If she leads well, then do just that - lead her right on the trailer 
What kind of cow have you purchased - for milk ??????? oh and arrival pics are a must on here
Good luck


----------



## Cricket (May 13, 2012)

All of the cows you see trailered around here are loose--just make sure there's not enough room for her to get out anywhere, I guess.  It's not a good thing if they happen to go down while tied (even loosely).  Cows are wonderful!  Good luck, and (as Royd said) PICTURES!


----------



## BeanJeepin (May 14, 2012)

Ok, got her trailered (just tiny hesitation at the ramp, then right up in) and home without an issue (other than our muffler falling off!!!).  
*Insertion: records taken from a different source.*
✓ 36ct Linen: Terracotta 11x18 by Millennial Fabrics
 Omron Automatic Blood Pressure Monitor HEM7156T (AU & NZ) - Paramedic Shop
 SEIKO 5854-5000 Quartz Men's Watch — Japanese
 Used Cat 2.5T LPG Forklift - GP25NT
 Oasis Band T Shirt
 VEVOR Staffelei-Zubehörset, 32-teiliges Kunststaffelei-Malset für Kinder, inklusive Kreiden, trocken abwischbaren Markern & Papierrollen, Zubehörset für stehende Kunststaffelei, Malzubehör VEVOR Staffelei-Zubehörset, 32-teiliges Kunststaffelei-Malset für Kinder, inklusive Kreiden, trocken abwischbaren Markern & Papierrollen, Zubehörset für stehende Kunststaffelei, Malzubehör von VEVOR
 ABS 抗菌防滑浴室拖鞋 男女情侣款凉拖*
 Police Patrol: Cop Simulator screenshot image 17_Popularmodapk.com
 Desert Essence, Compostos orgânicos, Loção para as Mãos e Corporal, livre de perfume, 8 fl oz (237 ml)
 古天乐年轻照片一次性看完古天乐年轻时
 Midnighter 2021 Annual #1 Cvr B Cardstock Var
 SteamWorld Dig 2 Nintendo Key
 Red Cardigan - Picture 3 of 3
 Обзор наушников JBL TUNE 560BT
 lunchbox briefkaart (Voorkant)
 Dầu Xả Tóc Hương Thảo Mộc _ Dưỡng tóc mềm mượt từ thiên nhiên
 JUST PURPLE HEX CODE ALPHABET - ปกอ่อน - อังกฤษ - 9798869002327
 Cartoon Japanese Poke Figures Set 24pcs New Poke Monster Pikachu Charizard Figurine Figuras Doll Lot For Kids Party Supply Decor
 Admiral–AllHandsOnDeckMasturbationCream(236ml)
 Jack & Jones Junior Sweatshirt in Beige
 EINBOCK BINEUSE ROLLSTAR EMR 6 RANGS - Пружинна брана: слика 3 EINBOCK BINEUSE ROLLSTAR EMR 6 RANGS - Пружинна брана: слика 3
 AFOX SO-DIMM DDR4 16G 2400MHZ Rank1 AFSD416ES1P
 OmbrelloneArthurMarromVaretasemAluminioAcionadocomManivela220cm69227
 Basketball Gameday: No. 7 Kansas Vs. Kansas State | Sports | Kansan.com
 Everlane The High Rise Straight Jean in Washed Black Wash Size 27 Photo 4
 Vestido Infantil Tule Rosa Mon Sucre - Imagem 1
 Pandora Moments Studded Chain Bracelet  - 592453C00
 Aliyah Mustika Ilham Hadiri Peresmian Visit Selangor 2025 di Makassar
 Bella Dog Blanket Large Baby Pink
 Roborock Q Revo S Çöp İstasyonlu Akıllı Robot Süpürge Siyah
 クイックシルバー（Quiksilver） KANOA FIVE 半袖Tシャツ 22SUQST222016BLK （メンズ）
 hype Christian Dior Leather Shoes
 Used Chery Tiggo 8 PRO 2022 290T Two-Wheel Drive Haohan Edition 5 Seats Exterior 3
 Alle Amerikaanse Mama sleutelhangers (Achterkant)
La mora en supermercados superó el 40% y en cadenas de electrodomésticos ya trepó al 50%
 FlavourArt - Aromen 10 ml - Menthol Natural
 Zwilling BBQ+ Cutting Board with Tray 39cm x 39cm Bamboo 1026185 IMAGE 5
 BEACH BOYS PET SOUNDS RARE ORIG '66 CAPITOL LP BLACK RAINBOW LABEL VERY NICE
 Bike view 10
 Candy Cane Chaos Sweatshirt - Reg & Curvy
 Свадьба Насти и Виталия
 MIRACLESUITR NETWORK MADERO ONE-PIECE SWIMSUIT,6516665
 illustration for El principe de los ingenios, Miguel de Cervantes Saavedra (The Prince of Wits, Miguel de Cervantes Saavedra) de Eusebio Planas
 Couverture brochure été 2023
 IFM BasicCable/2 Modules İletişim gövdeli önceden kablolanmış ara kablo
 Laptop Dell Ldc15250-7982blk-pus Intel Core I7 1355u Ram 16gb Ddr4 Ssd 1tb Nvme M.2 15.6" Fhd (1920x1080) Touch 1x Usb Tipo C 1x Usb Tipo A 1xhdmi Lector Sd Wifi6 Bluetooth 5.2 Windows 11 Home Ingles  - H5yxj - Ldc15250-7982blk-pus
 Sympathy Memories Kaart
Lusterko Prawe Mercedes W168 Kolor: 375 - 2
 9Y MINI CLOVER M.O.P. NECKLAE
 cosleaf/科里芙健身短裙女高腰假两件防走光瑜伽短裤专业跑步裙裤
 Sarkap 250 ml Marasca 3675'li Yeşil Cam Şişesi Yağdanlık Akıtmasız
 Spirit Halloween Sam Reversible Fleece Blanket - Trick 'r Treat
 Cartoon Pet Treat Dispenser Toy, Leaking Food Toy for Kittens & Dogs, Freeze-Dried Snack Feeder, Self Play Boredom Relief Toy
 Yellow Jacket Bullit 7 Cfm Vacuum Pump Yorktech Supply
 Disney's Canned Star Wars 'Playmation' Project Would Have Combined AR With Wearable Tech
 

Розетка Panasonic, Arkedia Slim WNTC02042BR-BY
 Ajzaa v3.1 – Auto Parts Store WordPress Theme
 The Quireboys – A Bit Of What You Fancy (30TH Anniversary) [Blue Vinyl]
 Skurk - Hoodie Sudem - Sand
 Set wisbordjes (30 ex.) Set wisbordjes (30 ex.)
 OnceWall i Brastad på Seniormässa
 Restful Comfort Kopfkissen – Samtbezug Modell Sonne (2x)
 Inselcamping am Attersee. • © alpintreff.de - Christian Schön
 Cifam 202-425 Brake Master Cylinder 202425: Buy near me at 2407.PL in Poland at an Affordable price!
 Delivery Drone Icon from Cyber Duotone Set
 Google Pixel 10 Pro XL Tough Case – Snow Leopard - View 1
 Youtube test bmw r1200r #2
Home... well, that's another story!  Untrailered well, had a little walk around on a lead, met the goats, met the electric fence... going well until she was let off lead.  Then through the fence (I know, we were warned!) on a little unscheduled jog to meet some neighbors.  Luckily they loved her (and hey, now they know what she looks like and where she belongs ).  Got her tethered, thought for a minute and then boarded her in her stall.  Plan B is to get her used to the fence a little at a time, and used to this being home too.

Pictures later.  It was hard to get any with all the excitement and four kids involved.


----------



## BeanJeepin (May 14, 2012)

Oh and she's jersey/ayrshire, for milk (but not yet bred, technically a heifer), and raised to think she's an overgrown dog.


----------



## Cricket (May 14, 2012)

That's great you got her home so easily!  Jersey/Ayrshire crosses are my very favorite (my 3 week old calf's mom is that cross with a Jersey dad).  Sounds like a good plan to keep her in the barn quite a bit to begin with so that she'll learn where her safe place/grain place is.  I like to tie my cows up in their barn (okay, shed!) and grain them just to get in the habit.  Once they have it down pat you can loosen up the rules a little.  Good luck!  I bet the kids are excited!  You're going to have to get an ice cream maker once she's milking--that cream makes some awesome stuff!


----------



## BeanJeepin (May 14, 2012)

Oh!  Good to know.  We'll need to do AI on her soon and were debating what breed to use.  We were definitely considering full Jersey.  We really love her already.


----------



## Cricket (May 15, 2012)

It will be fun picking a sire.  You can go with some beef breeds, too.  It's pretty common in my area for Jersey's to be bred to Angus for their first time, as the calves are small., and we used to breed our Jersey to (successively)  both that and a Hereford.  I have a one year old Jersey heifer who I'm trying to decide what to do with--keeps me awake at night!  Have fun!


----------



## BeanJeepin (May 15, 2012)

Someone actually suggested not to breed to a beef breed for now.  She's very small yet (malnourished a bit) and they said beef breeds are deeper chested, can be harder to birth.  Thoughts?


----------